Nielson Dylan M, Sederberg Per B
Data Science and Sharing Team, National Institute of Mental Health, Bethesda, MD, United States of America.
Department of Psychology, The Ohio State University, Columbus, OH, United States of America.
PLoS One. 2017 Aug 22;12(8):e0182797. doi: 10.1371/journal.pone.0182797. eCollection 2017.

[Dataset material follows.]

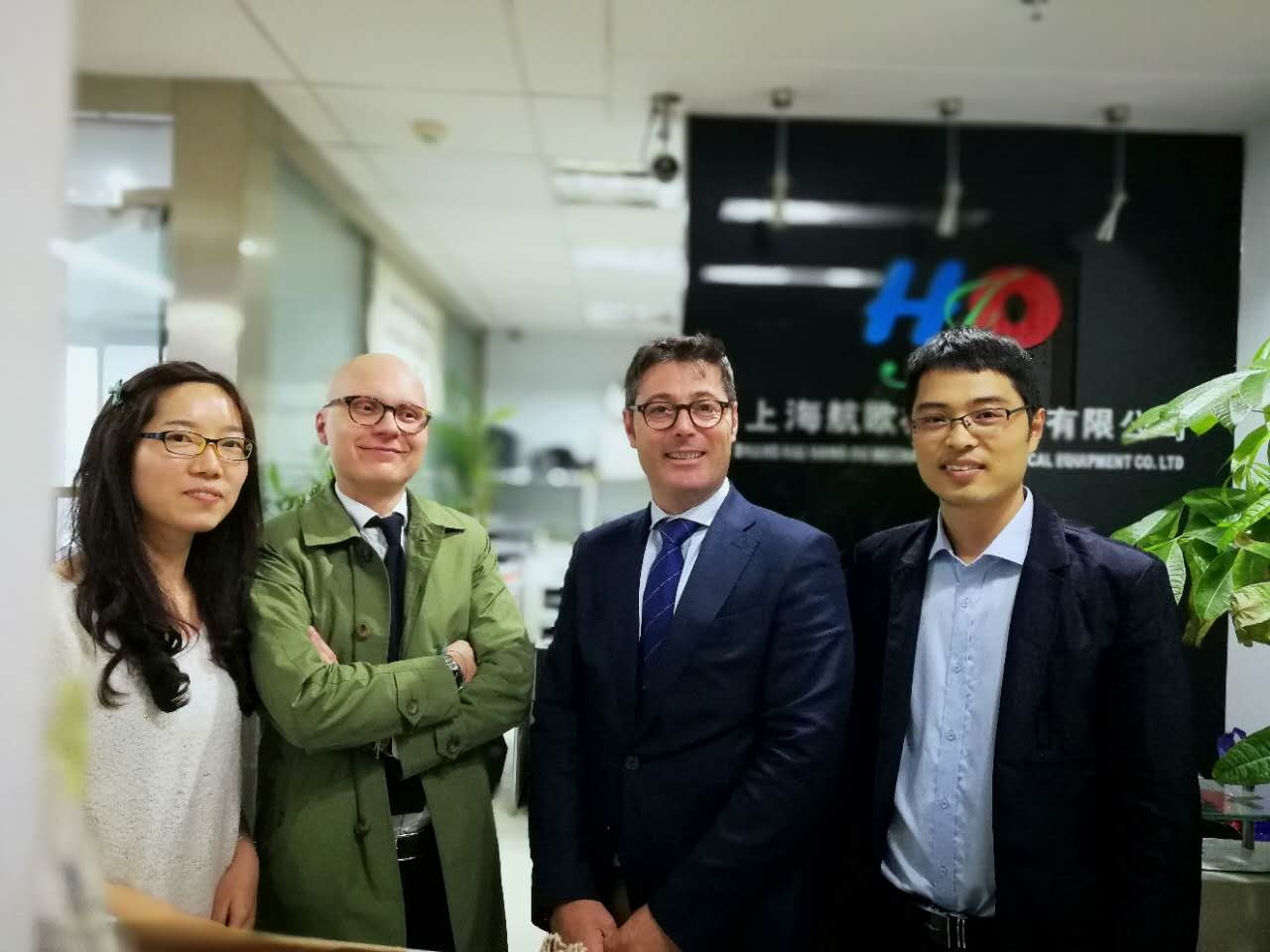 OBER工廠亞洲區銷售經理Dott.Danilo 和同事Leonardo Ragionieri蒞臨我司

Mixed effects models provide significant advantages in sensitivity and flexibility over typical statistical approaches to neural data analysis, but mass univariate application of mixed effects models to large neural datasets is computationally intensive. Threshold free cluster enhancement also provides a significant increase in sensitivity, but requires computationally-intensive permutation-based significance testing. Not surprisingly, the combination of mixed effects models with threshold free cluster enhancement and nonparametric permutation-based significance testing is currently completely impractical. With mixed effects for large datasets (MELD) we circumvent this impasse by means of a singular value decomposition to reduce the dimensionality of neural data while maximizing signal. Singular value decompositions become unstable when there are large numbers of noise features, so we precede it with a bootstrap-based feature selection step employing threshold free cluster enhancement to identify stable features across subjects. By projecting the dependent data into the reduced space of the singular value decomposition we gain the power of a multivariate approach and we can greatly reduce the number of mixed effects models that need to be run, making it feasible to use permutation testing to determine feature level significance. Due to these innovations, MELD is much faster than an element-wise mixed effects analysis, and on simulated data MELD was more sensitive than standard techniques, such as element-wise t-tests combined with threshold-free cluster enhancement. When evaluated on an EEG dataset, MELD identified more significant features than the t-tests with threshold free cluster enhancement in a comparable amount of time.
混合效应模型在神经数据分析的敏感性和灵活性方面比典型的统计方法具有显著优势,但将混合效应模型大规模单变量应用于大型神经数据集在计算上是密集的。无阈值聚类增强也显著提高了敏感性,但需要基于置换的计算密集型显著性检验。毫不奇怪,将混合效应模型与无阈值聚类增强和基于非参数置换的显著性检验相结合目前完全不切实际。使用大型数据集的混合效应(MELD),我们通过奇异值分解来规避这一僵局,以降低神经数据的维度同时最大化信号。当存在大量噪声特征时,奇异值分解会变得不稳定,因此我们在其之前进行基于自助法的特征选择步骤,采用无阈值聚类增强来识别跨受试者的稳定特征。通过将相关数据投影到奇异值分解的降维空间中,我们获得了多变量方法的功效,并且可以大大减少需要运行的混合效应模型的数量,使得使用置换检验来确定特征水平的显著性变得可行。由于这些创新,MELD比逐个元素的混合效应分析快得多,并且在模拟数据上,MELD比标准技术(如逐个元素的t检验与无阈值聚类增强相结合)更敏感。在一个脑电图数据集上进行评估时,MELD在相当的时间内比具有无阈值聚类增强的t检验识别出更多的显著特征。